Records for processing -
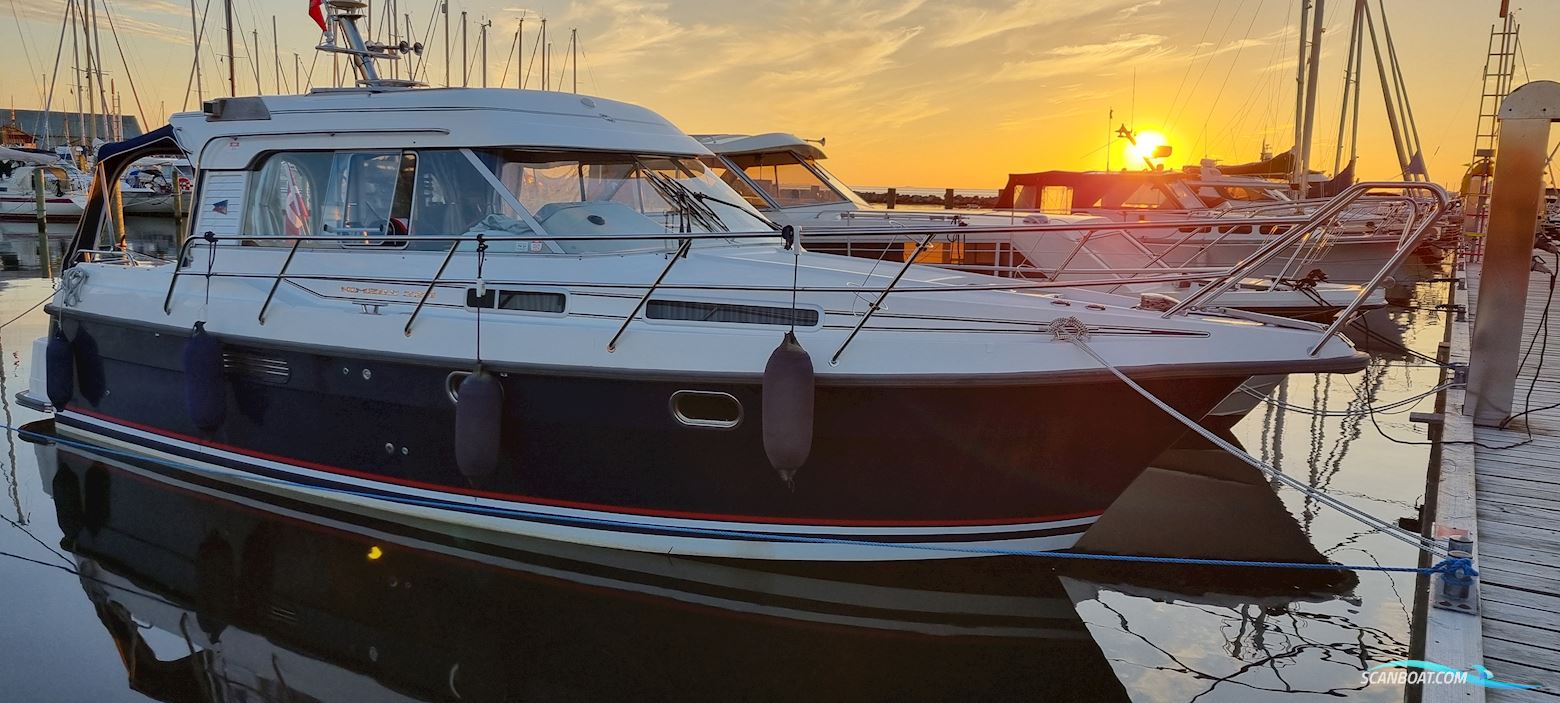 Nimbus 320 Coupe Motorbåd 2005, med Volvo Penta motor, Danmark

==

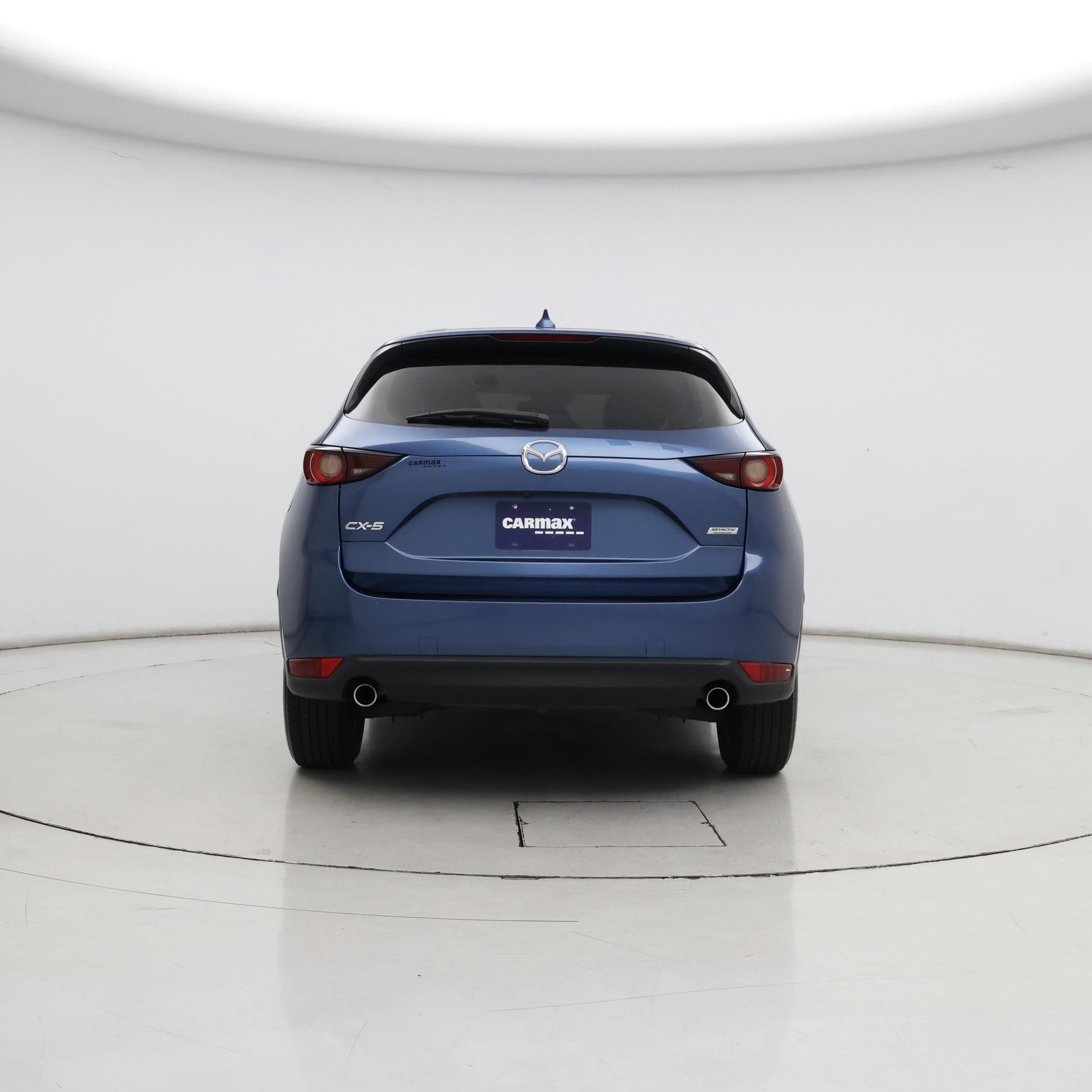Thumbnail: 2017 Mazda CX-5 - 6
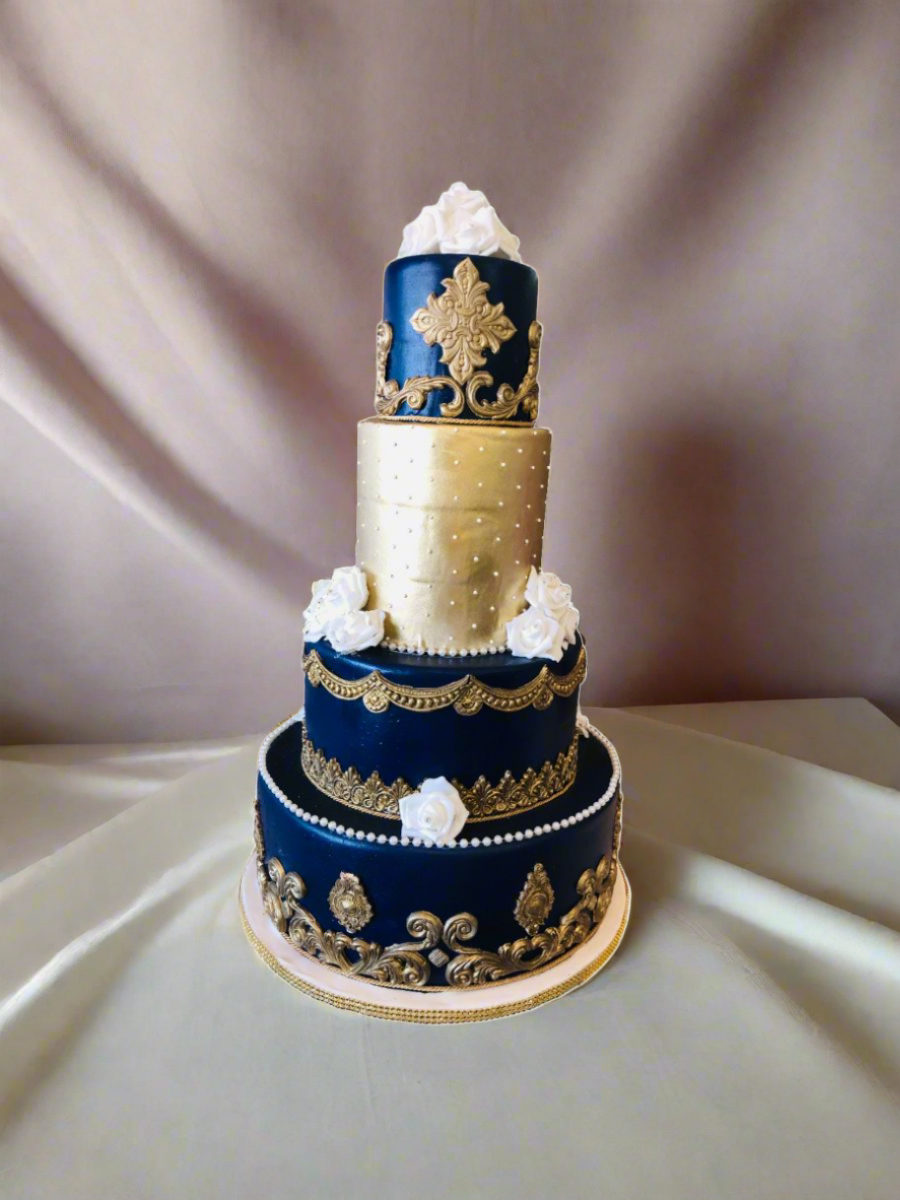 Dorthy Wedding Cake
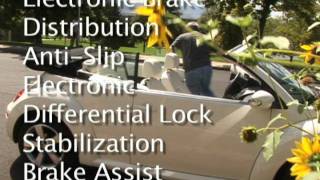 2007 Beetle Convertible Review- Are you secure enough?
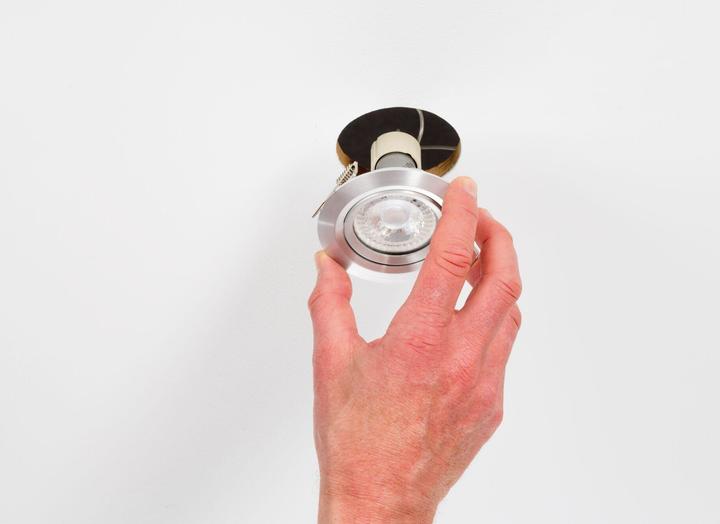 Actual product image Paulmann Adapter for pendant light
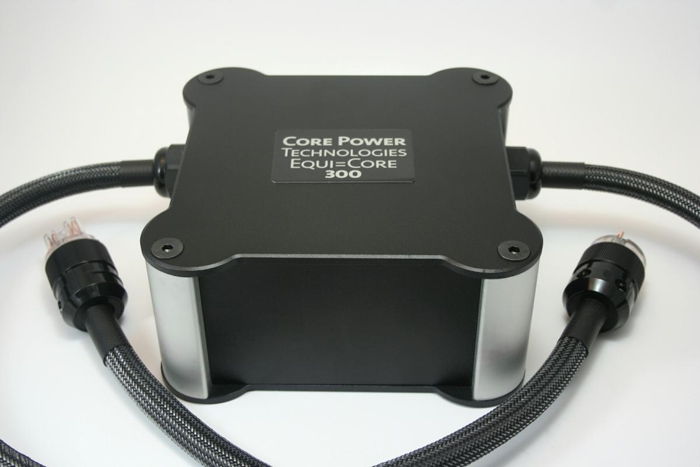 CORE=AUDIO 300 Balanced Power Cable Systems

Instructions to follow - The copy should hold only the lines from the one with "Thumbnail: 2017 Mazda CX-5 - 6" through the one with "CORE=AUDIO 300 Balanced Power Cable Systems", exactly as they stand above. Leave out the pictures.

Response box -
Thumbnail: 2017 Mazda CX-5 - 6
 Dorthy Wedding Cake
 2007 Beetle Convertible Review- Are you secure enough?
 Actual product image Paulmann Adapter for pendant light
 CORE=AUDIO 300 Balanced Power Cable Systems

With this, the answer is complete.